Type Working Paper - Living standards measurement study (LSMS) working paper
Title Gender differences in household resource allocations
Author(s)
Issue 79
Publication (Day/Month/Year) 1991
URL http://www-wds.worldbank.org/external/default/WDSContentServer/WDSP/IB/1999/09/17/000178830_98101902​173689/Rendered/PDF/multi_page.pdf
Abstract
Using household survey data from the United States, Brazil and Ghana, we examine the relationship between parental education and child height, an indicator of health and nutritional status. In all three countries, the education of the mother has a bigger effect on her daughter's height; paternal education, in contrast, has a bigger impact on his son's height. There are, apparently differences in the allocation of household resources depending on the gender of the child and these differences vary with the gender of the parent.

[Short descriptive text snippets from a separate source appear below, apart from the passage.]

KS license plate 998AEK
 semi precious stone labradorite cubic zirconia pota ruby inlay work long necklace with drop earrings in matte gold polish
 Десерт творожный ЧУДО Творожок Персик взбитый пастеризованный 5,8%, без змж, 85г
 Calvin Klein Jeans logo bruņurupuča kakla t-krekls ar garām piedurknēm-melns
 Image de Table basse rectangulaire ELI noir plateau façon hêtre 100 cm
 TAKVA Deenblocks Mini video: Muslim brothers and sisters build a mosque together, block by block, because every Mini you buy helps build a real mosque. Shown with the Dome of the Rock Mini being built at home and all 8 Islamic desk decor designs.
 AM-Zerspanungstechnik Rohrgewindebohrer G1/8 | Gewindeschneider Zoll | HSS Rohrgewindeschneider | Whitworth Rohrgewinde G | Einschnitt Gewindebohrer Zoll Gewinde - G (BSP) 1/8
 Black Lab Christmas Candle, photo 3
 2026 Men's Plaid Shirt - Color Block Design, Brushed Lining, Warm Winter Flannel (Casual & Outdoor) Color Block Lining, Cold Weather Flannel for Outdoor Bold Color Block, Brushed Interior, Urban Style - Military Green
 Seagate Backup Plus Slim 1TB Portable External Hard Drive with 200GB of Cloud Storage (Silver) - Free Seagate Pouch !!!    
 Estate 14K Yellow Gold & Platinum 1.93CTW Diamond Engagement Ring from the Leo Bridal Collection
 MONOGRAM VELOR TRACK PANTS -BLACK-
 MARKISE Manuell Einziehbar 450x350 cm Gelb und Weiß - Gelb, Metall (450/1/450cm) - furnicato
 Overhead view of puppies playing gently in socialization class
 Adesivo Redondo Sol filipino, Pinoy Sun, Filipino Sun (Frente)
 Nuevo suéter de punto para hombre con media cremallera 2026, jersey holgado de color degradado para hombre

In Ghana, relative to other women, the education of a woman who is better educated than her husband has a bigger impact on the height of her daughter than her son. In Brazil women's non-labor income has a positive impact on the health of her daughter but not on her son's health. If relative education of parents and non-labor income are indicators of power in a household bargaining game, then these results suggest that gender differences in resource allocations reflect both technological differences in child-rearing and differences in the preferences of parents.